La riapertura delle centrali a carbone

Lo scoppio della guerra in Ucraina, come abbiamo sottolineato, ha portato tanti paesi a tornare al passato, a quel carbone che era stato messo da parte e archiviato da tempo a causa dell’alto livello di inquinamento che faceva registrare. In giro per l’Europa infatti, una volta chiusi i rubinetti con la Russia, è arrivata la riapertura delle centrali a carbone. In Italia, conseguente il caro bollette, a riaccendersi sono state diverse centrali che, secondo quanto riferito dal ministro dell’Economia Daniele Franco, aiuterà a ridurre di circa 1,8 miliardi di Smc, ovvero di metri cubi di gas, dall’agosto 2022 al marzo 2023.

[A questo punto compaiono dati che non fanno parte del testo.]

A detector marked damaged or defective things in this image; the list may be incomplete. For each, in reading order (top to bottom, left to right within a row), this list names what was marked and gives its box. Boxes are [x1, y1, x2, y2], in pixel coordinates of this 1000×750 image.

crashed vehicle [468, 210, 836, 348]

In Italia le centrali a carbone osservate speciali sono ben sei, mentre una è a olio. Quelle a carbone sono in quattro casi dell’Enel: Fusina (Venezia), Brindisi, Torrevaldaliga (Civitavecchia) e Portovesme in Sardegna. La compagnia Ep Produzione possiede la centrale a carbone di Fiume Santo in Sardegna. A2a una a Monfalcone, oltre a un impianto a olio combustibile situato a San Filippo del Mela (Messina).

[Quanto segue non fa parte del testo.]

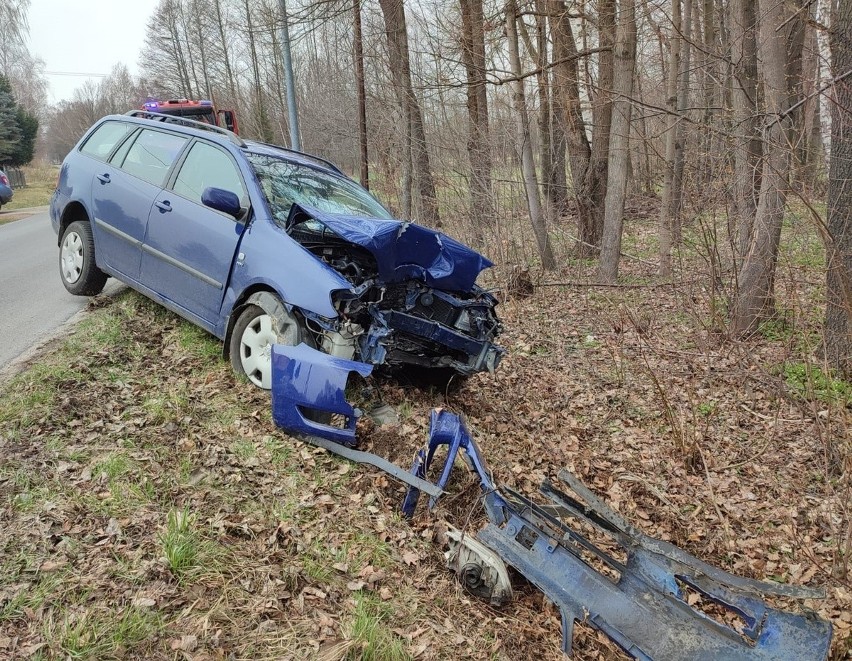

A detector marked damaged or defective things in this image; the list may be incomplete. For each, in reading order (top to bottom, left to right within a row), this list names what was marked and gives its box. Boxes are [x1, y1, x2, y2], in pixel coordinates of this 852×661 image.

crashed car front end [282, 201, 502, 376]
crumpled hood [296, 205, 492, 290]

Anche la Germania ha riaperto le centrali a carbone, col governo federale, secondo quanto di recente riferito dalla stampa tedesca, che ha concordato che gli impianti elettrici che impiegano la materia prima rimarranno attivi fino al 31 marzo del 2024. Oltre agli impianti a carbone fossile, dall’inizio di ottobre, sempre con l’obiettivo di diversificare gli approvvigionamenti energetici, torneranno sul mercato elettrico anche quelli a lignite.